It takes them three days to get their film developed, by which time strange things are happening all over town: Dogs are disappearing, people are disappearing, car engines are heisted, the lights flicker and something noisy and big is shaking the trees. A bunch of heavies from the Air Force, led by Colonel Nelec (Noah Emmerich), are asking a lot of questions and acting in a most menacing and suspicious manner. Something alien this way comes, and Abrams, who likes to keep his monsters hidden until the Big Reveal, does everything but show the E.T., as Joe and his buddies investigate their real-life monster movie. Meanwhile, Joe and Alice grow close, and Joe and his Dad grow further apart.
Super 8 is a coming-of-age movie, a sci-fi monster movie, a trip down Memory Lane; and it works best when it’s most thoroughly rooted in the past. In that halcyon, not-too-distant time, kids ride their bikes everywhere and run around at night without parental supervision. There are no helicopter parents in Super 8. The kids amuse themselves and flourish under benign neglect, stick together through thick and thin and hunt down alien monsters while the adults…just where are all the adults in this town? Kids today, I suppose, would have to ditch their hovering parents deliberately in order to have similarly enriching experiences.
The kids are all right in Super 8; Fanning is especially good, but Courtney and Griffiths are also terrific. The dialogue nicely captures the period, as well as the mood swings, excitement and everyday travails of adolescence. It also delivers enough pleasurable jolts of suspense to compensate for the way the character arcs and the plot go their separate ways as the movie progresses. In the second half of the movie, the charm, wonder and nostalgia of Super 8 turn into a close encounter of the thoroughly modern special effects kind. It would have been even better if the movie could have been more cohesive, if story and character had developed together; but it’s still a fun, lively and engaging movie. There are no genuine surprises in Super 8, but it is enjoyable enough as it plays out a familiar story to its desired and expected conclusion.
As an exercise in Spielbergian nostalgia, Super 8 evokes classic Spielberg, but Abrams doesn’t quite have the master’s touch at fusing sentiment and a sense of wonder with rousing action. You get the sense that Abrams – like his onscreen doppelganger Charles – is still struggling a bit to pull it all together and understand how that alchemical movie magic happens. (Stick around through the closing credits to see what kind of movie magic young Charles conjures.) But for all that, Super 8 is still pretty good.
Syd’s pick: Take another look at Jaws in Steven Spielberg’s back catalogue
Back in the summer of 1975, before anyone had any idea what could be done with computers, Steven Spielberg made a little movie called Jaws with a giant mechanical shark (named Bruce). The shark reportedly malfunctioned frequently during the movie shoot, so Spielberg turned the camera around, using it to film from the shark’s point of view instead. About a quarter of the movie was shot at water-level, to make the audience feel like they were treading water.

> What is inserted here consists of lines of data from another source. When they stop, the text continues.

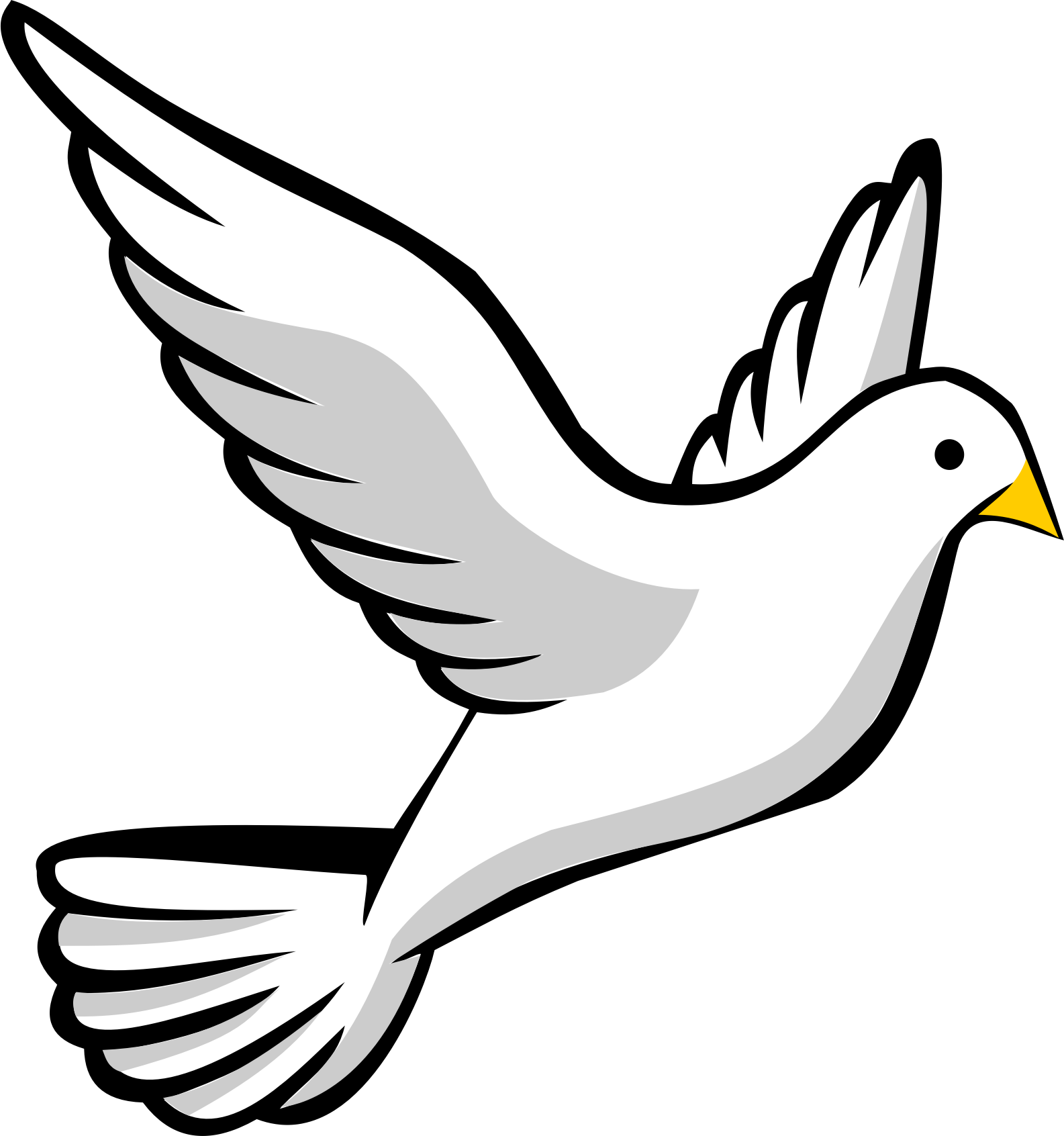 clipart cross bird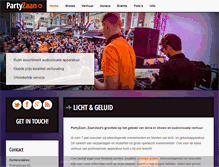 Tablet Screenshot of partyzaan.nl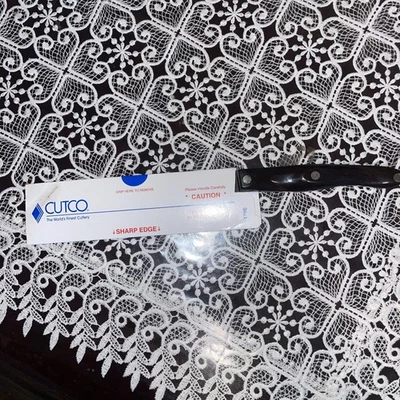 New CUTCO 7” Santoku Knife 1766 KV Classic Brown Handle Stainless USA - Image 1 of 4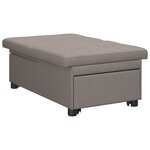 vidaXL Sofa-lit 3 en 1 en tissu taupe à design extensible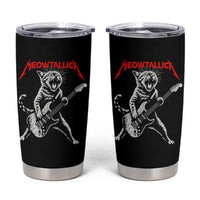 Funny Cat Playing Guitar Tumbler Cup Vintage 90s Classic Rock Star Cat Graphic Rock and Roll - Wonder Print Shop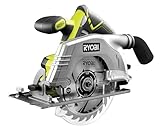 RYOBI 18 V ONE+ Akku-Handkreissäge R18CS-0 (Bohrungs-ø 16 mm, Schnitttiefe bis 52mm,...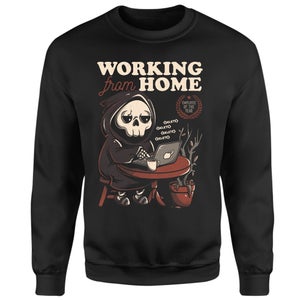 Threadless - Working From Home Sweatshirt - Black
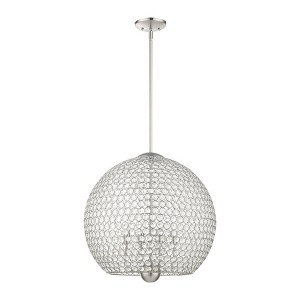 Livex Lighting Cassandra 4 - Light Pendant in  Black - 1 of 2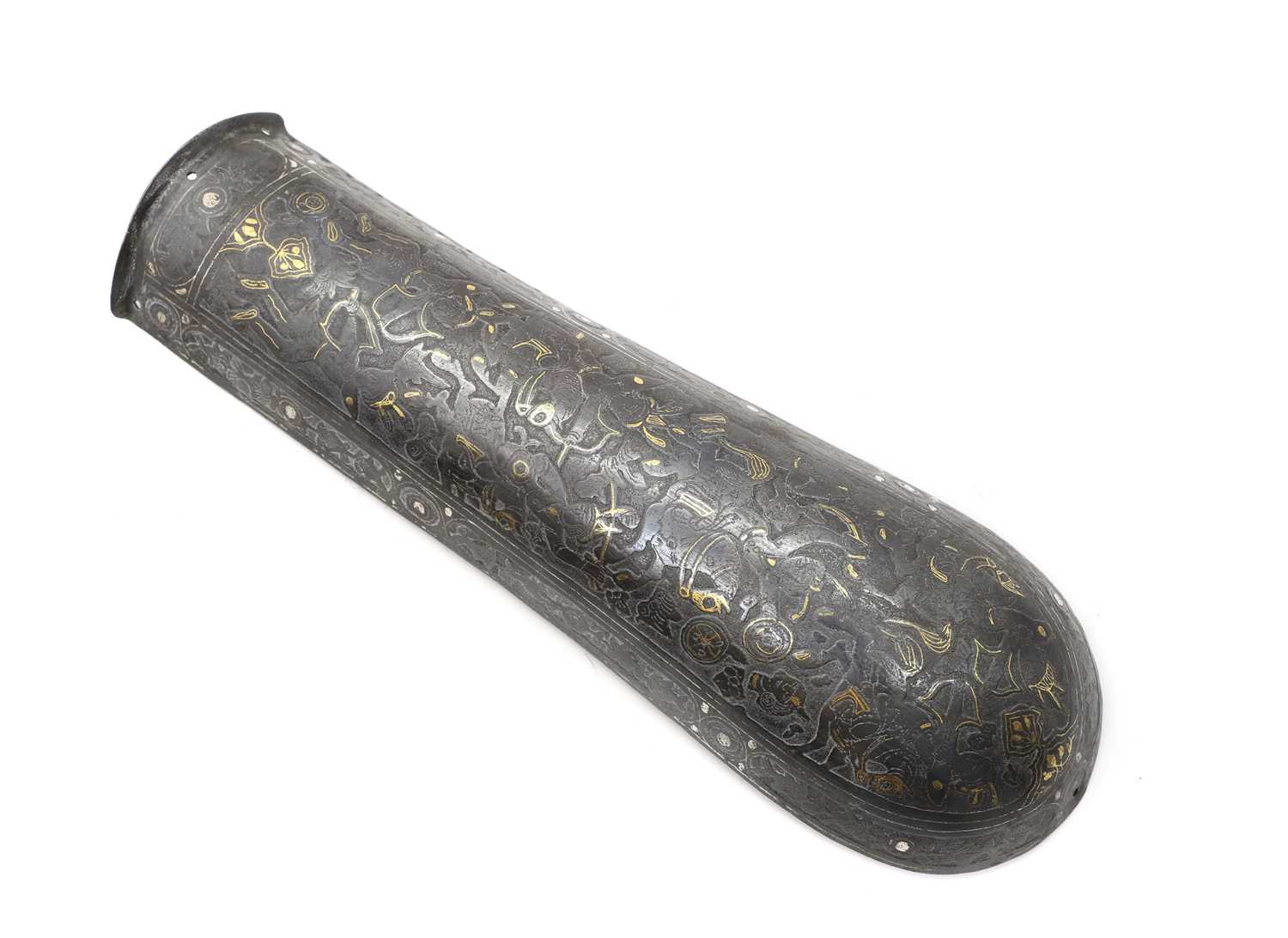 Lot 570 - An Indo-Persian armour armshield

The illusion scared real people right out of the real water. Sometimes necessity is the mother of good filmcraft.
What sells the illusion is not just good editing and judicious camera angles, but also the characters, and the fine performances of the movie’s three human stars, Roy Scheider (as Sheriff Brody), Robert Shaw (Quint, the shark-hating crusty old salt) and Richard Dreyfuss (as the smartypants oceanographer Hooper). The story is simplicity itself: Shark bites man; man hunts shark; shark hunts man. What makes Jaws a classic isn’t the plot or even the monster, but that the movie is moving, terrifying and hilarious, and makes you care what happens to three men on a leaky old boat. Nowadays, it’s so easy to make the monsters technically perfect that we risk forgetting how much creativity and artistry it really takes to make a good movie.